South Africa’s freight rail operator has failed to finalize an agreement with a Chinese supplier of locomotives that would have helped it to repair wagons, get equipment and boost capacity on its lines.

State-owned Transnet SOC Ltd. said in a statement it has reached an “impasse” with a local unit of CRRC Corp., which has been unwilling to engage with South African authorities. The beleaguered freight company plans to open a tender asking any “eligible original equipment manufacturer to step-in to rehabilitate the non-operational Chinese locomotives,” it said in the statement January 12.

Miners including Thungela Resources Ltd., the country’s largest exporter of coal burned in power stations, haven’t been able to ramp up sales because of rail bottlenecks. Transnet doesn’t have enough railway wagons and is often hit by sabotage and theft. The move to find new suppliers may help it salvage some of the locomotives it bought from CRRC but are now idled due to lack of spare parts.

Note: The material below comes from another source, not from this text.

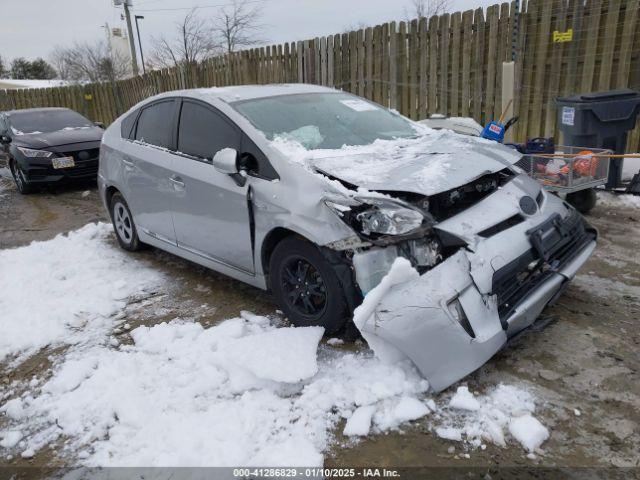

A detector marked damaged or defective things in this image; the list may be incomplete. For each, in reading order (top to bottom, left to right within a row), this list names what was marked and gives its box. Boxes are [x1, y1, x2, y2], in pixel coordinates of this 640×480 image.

Transnet had reached a definitive agreement with the Chinese supplier in November 2022, which would have resulted in CRRC refurbishing 161 locomotives, repay some funds and deliver the remaining 99 locomotives at an adjusted price.

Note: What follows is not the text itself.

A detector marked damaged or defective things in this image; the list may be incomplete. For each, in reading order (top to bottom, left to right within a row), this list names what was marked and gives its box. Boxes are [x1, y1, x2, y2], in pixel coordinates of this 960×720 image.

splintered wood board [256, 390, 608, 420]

The locomotives are key to boosting capacity on Transnet’s north, north-east and Cape Corridors, it said. Companies including Thungela, Exxaro Resources Ltd. and other coal producers have resorted to using trucks to move their produce from vast inland fields in the eastern Mpumalanga province to ports.

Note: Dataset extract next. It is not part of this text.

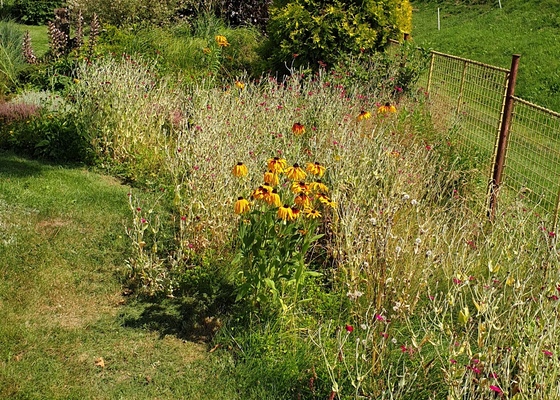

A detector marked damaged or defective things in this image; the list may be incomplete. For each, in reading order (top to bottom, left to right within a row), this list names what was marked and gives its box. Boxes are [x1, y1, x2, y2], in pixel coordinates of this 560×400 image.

rusty metal fence [422, 49, 560, 228]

Transnet’s prolonged shortage of locomotives will have an impact on earnings of Thungela and Exxaro, RMB Morgan Stanley analysts, including Brian Morgan, said in a note to clients. “Beyond the coal producers, we see downside risk to volumes for iron ore and manganese with a possibility that locomotives on those lines re-direct to the coal line.”

The Chinese company needs to normalize its relationship with the South African Revenue Service and the central bank to operate in the country, Transnet said.

Transnet has had a rocky relationship with CRRC. When the South African company sought to cancel a deal worth 54 billion rand ($3.2 billion) to buy as many as 1,064 locomotives from the Chinese firm and two other suppliers, CRRC hit back by withholding spare parts, forcing Transnet to withdraw more than 300 locomotives from service.